Panoramas and viewsheds at Gettysburg

Here, (via The Dish) an interesting interactive article by Anne Kelly Knowles, from The Smithsonian, showing what commanders could and couldn't see during crucial points during the Battle of Gettysburg. It's really fun, and well worth a look.

We're used to seeing God's-eye-views of battlefield diagrams which show everything, and also know how things worked out, so we get a skewed sense of what it was like then.

The article shows panoramas, which lets you scan across a generated image of what the battlefield actually looked like from a commander's point of view. Of course, it is devoid of concealing smoke and mist, as well as time pressure, noise of detonations, and constant influx of frantic written and spoken messages.

In addition, you can examine viewsheds, which show the map with blind areas from the commander's point of view. You can see how at crucial points, Lee had no way to see significant parts of the Union force. Of course, he did not need to rely solely on his own eyesight: he got those aforementioned frantic messages.

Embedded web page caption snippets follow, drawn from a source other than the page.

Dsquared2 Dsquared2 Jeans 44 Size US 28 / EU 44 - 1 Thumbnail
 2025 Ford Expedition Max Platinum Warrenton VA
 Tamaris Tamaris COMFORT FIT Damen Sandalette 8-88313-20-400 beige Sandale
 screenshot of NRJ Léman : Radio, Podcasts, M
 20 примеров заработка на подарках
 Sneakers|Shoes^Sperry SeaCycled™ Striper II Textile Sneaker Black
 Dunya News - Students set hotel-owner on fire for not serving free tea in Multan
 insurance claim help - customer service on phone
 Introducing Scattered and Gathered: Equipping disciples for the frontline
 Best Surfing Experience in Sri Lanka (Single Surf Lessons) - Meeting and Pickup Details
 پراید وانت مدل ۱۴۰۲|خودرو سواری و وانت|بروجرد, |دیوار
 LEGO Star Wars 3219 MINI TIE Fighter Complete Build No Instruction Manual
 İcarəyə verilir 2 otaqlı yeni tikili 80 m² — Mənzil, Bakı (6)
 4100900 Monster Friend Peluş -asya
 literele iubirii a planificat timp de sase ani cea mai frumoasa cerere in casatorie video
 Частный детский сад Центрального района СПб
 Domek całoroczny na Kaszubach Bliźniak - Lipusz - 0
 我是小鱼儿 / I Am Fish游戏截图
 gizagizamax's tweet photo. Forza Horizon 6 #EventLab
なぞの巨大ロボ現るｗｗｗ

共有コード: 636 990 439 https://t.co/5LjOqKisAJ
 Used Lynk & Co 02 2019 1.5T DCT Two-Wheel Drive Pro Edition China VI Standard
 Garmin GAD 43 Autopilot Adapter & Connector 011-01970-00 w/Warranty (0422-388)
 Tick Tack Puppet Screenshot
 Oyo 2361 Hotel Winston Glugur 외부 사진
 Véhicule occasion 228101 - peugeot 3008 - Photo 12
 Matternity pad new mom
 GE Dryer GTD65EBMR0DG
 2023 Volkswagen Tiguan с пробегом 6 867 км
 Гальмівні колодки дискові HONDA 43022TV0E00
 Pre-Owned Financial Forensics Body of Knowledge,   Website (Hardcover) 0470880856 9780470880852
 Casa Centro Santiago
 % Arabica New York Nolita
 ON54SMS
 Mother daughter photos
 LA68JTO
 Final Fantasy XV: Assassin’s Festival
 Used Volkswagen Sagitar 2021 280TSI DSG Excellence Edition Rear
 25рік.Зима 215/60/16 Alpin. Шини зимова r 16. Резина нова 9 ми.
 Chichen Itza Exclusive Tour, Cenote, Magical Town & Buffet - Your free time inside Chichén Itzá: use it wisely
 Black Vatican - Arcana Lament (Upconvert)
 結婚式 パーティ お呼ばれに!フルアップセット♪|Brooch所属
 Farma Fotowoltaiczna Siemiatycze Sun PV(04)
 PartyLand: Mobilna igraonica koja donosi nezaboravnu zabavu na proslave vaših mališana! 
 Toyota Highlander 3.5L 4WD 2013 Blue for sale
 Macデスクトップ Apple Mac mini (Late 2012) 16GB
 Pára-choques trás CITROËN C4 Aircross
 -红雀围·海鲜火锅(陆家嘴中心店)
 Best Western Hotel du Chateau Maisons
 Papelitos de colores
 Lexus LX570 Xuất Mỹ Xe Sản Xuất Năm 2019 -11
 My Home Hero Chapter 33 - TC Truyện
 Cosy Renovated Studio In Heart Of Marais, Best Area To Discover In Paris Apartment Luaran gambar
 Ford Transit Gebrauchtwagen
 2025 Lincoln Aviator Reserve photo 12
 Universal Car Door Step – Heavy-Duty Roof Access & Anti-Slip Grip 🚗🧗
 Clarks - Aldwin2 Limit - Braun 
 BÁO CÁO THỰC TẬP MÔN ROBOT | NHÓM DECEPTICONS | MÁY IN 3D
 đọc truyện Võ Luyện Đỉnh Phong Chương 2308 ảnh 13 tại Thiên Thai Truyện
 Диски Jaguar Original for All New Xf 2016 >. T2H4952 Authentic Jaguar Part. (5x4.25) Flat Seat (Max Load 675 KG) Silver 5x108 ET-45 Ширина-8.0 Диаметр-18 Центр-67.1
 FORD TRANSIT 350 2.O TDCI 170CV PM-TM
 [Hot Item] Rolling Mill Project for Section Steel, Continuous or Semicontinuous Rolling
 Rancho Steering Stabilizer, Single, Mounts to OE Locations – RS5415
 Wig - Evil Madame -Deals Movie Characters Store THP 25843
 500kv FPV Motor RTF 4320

Still, walking through the battle using this tool gives you a real sense of the blindness that was inherent to the technological level at which any of these battles were fought. You just couldn't see anything. How did the best commanders integrate all the information thay had into a simulation of what they concluded was out there? It's an interesting form of mental processing, and clearly only a few of them were really good at it.